Data represent means ± standard deviations (SD). A three-way analysis of variance (ANOVA) was performed on the growth rate, DW, lipid index, and C/N ratios to assess the effect of different Si concentrations and Ni concentrations under GP and LP. Data were log-transformed when non-normal distribution occurred. The homogeneity and normality of the data sets were analyzed with Levene’s test and the Shapiro-Wilk test at a significance level of 95 %. The differences among Si were also investigated by conducting a one-way ANOVA followed by post hoc pairwise comparisons among treatments using Tukey’s HSD test for each treatment. Independent t test with Bonferroni correction was used for Ni treatments and phase comparisons. Non-linear regression analysis was performed to assess the relationship of cellular C and logarithmic lipid index among treatments. The relationship was fitted using a quadratic regression equation (y = y 0 + a * x + b * x 2). All statistics were performed using SPSS 20.0.

Results

Growth rates during growth and lipid phases

The changes in OD750 nm are shown for both low and high Ni concentrations with different Si treatments during the growth and lipid phases (Fig. 1). Growth rates in the different Si treatments ranged from 0.14 to 0.24 day−1 during GP (Fig. 2a). High Si concentrations in the media did not correspond to higher N. perspicua growth rates. In comparing the growth rates under the high and low Ni concentrations during GP, they were consistently between 11 and 45 % higher in the low Ni treatment (mean low Ni = 0.21 ± 0.02 day−1; mean high Ni = 0.16 ± 0.02 day−1; independent t test, p < 0.0001, n = 15) (Fig. 2a). Despite having ten times more Ni in the media, growth rates were not enhanced by elevating the Ni in the media.

Fig. 1
figure 1

Changes in OD750 nm of N. perspicua for the different Si concentrations with low Ni (a, c) and high Ni (b, d) during the growth phase and lipid formation phase, respectively. Error bars represent standard deviation (n = 3). If the error bars are not visible, they are smaller than the symbol

Fig. 2
figure 2

Growth rates of N. perspicua cultivated in different Si and Ni concentrations media during the growth phase (a) and lipid formation phase (b). Errors bars represent standard deviation (n = 3). If the error bars are not visible, they are smaller than the symbol

After being transferred to LP medium, N. perspicua continued to grow for several days at same pace as in the GP medium despite the absence of Si in the new medium (Fig. 1). During LP, the highest Si (10.6 mol m−3) treatments had significantly higher growth rates than in other Si treatments, and in treatments with both low (mean 0.29 ± 0.03 day−1, HSD, p < 0.05) and high Ni (mean 0.21 ± 0.005 day−1, HSD, p < 0.01; Fig. 2b). The growth rates in the high Ni treatments were mostly lower compared with the low Ni cultures (Fig. 2b), ranging from 0.13 to 0.29 day−1 (mean low Ni = 0.2 ± 0.05 day−1, mean high Ni = 0.17 ± 0.03 day−1, independent t test, p < 0.05). The results of the three-way ANOVA found that there was a significant three-way interaction (p < 0.001) between the concentrations of Si and Ni and phase (i.e., GP and LP) for growth rates (Table 2).

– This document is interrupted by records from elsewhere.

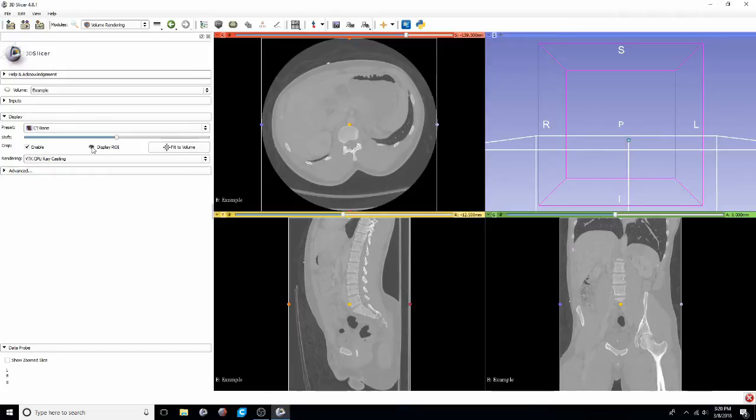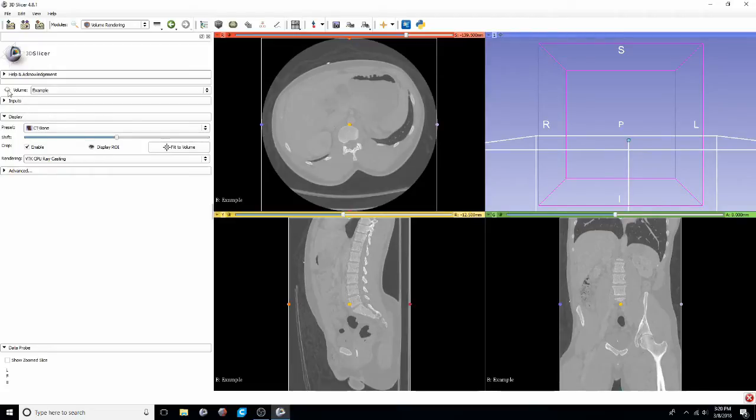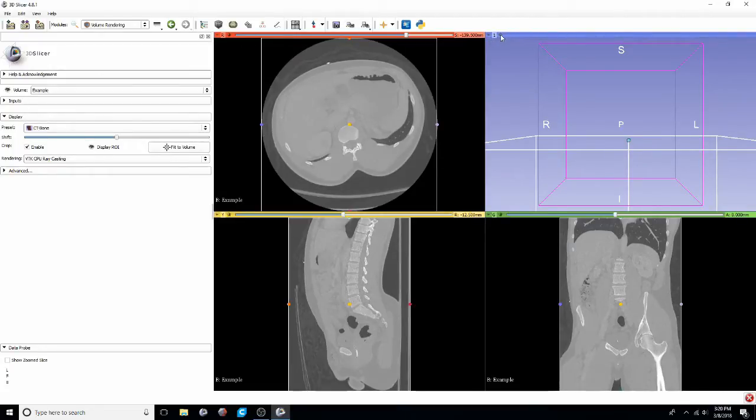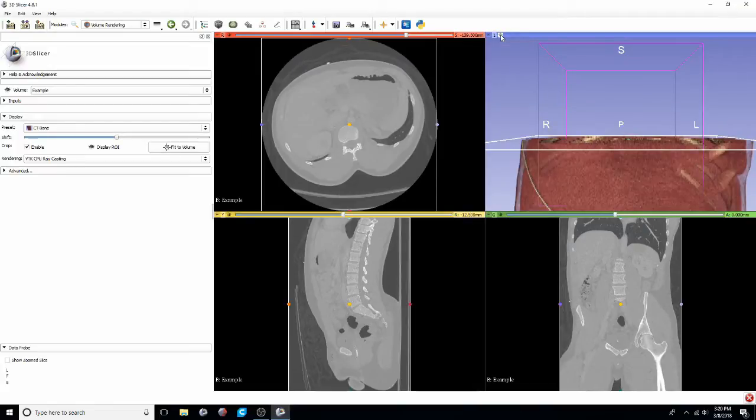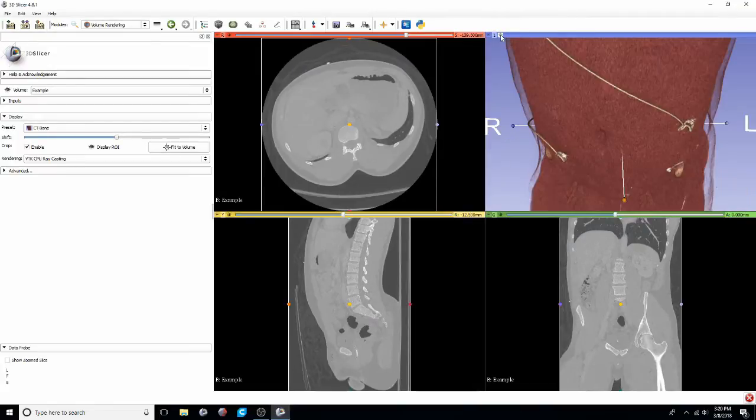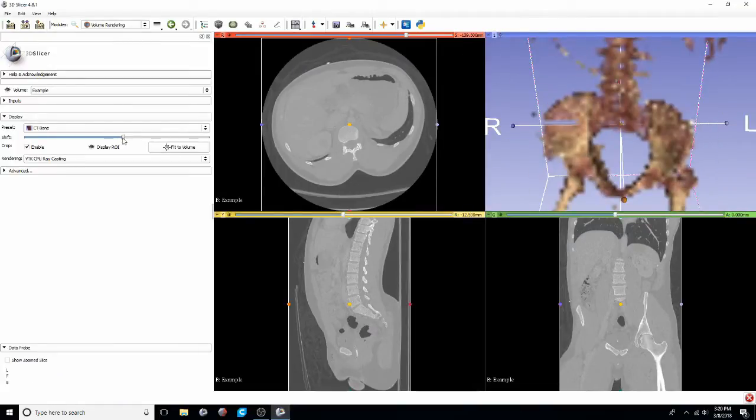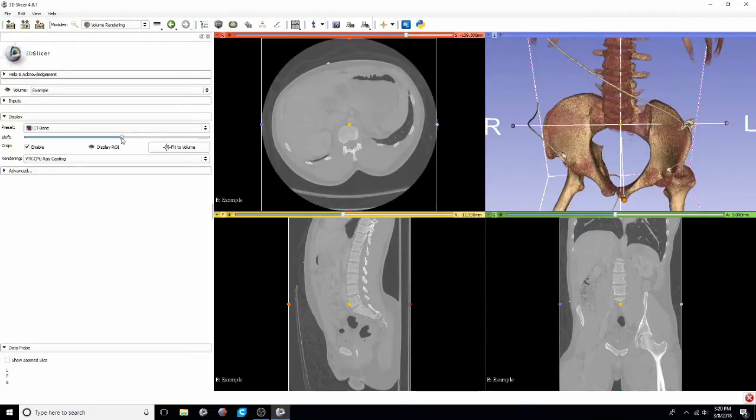We'll show the ROI which will allow us to crop down the volume to our region of interest. Then we'll need to click that eyeball next to the volume to actually see it. Just give the computer a second to load. Changing the shift will allow us to better visualize the anatomy that we want to see.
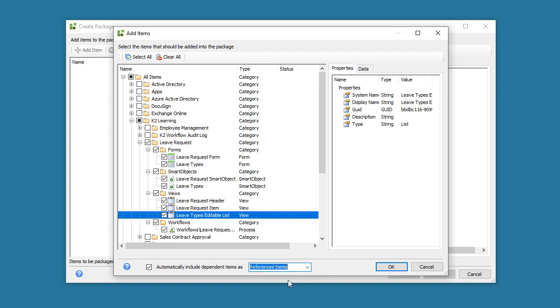If you disable this checkbox, you will need to manually select Dependency artifacts in the list above and tell K2 what to do with them individually.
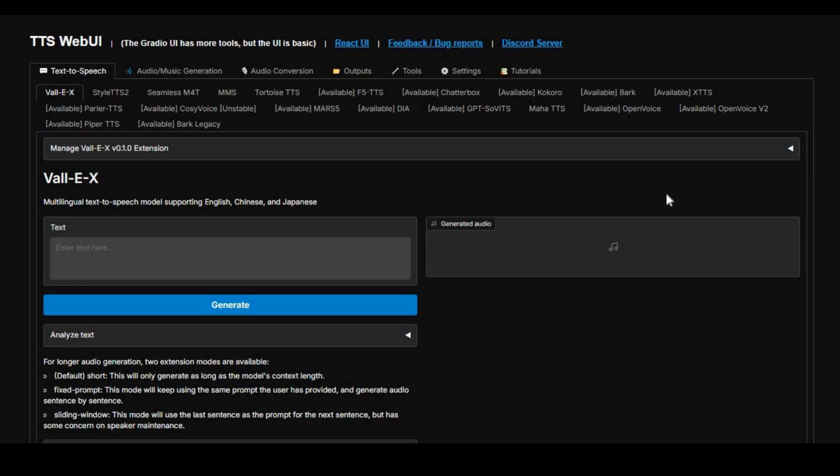Introducing TTS WebUI. If you are getting tired of installing different kinds of text-to-speech tools and confused about which one is better and more realistic, using TTS WebUI you can use all of these tools in one place.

Table 2 The results of a three-way ANOVA examining the significance of the effect of phase, different Si and Ni concentrations on the growth rates, dry weight (DW), lipid index, and C/N ratios of Nitzschia perspicua

Changes in biochemical composition during growth and lipid phases

A summary of measured biochemical characteristics in both GP and LP is given in Table 3 for DW (g L−1), ash content (%, g g−1 DW), C/N ratios, and C% and N% of DW. In GP, the highest DWs were measured when N. perspicua was grown with 2.1 mol m−3 Si/low Ni (0.38 ± 0.05 g L−1) and 1.1 mol m−3 Si/high Ni (0.44 ± 0.04 g L−1; Table 3). Dry weight was significantly higher in the 2.1 mol m−3 Si treatment compared to all other Si treatments with low Ni medium in both GP (HSD, p < 0.05) and LP (HSD, p < 0.0001). DW showed no significant differences among the five Si treatments with high Ni concentration in GP (one-way ANOVA, F 4,10 = 1.938, p = 0.198). The DW in the 4.2 mol m−3 Si treatment was significantly higher than other Si treatment with high Ni medium in LP only (HSD, p < 0.0001). Dry weights were higher when N. perspicua was grown in the LP than those in the GP regardless of the Ni or Si concentrations with only a few exceptions (independent t test, p < 0.0005; Table 3).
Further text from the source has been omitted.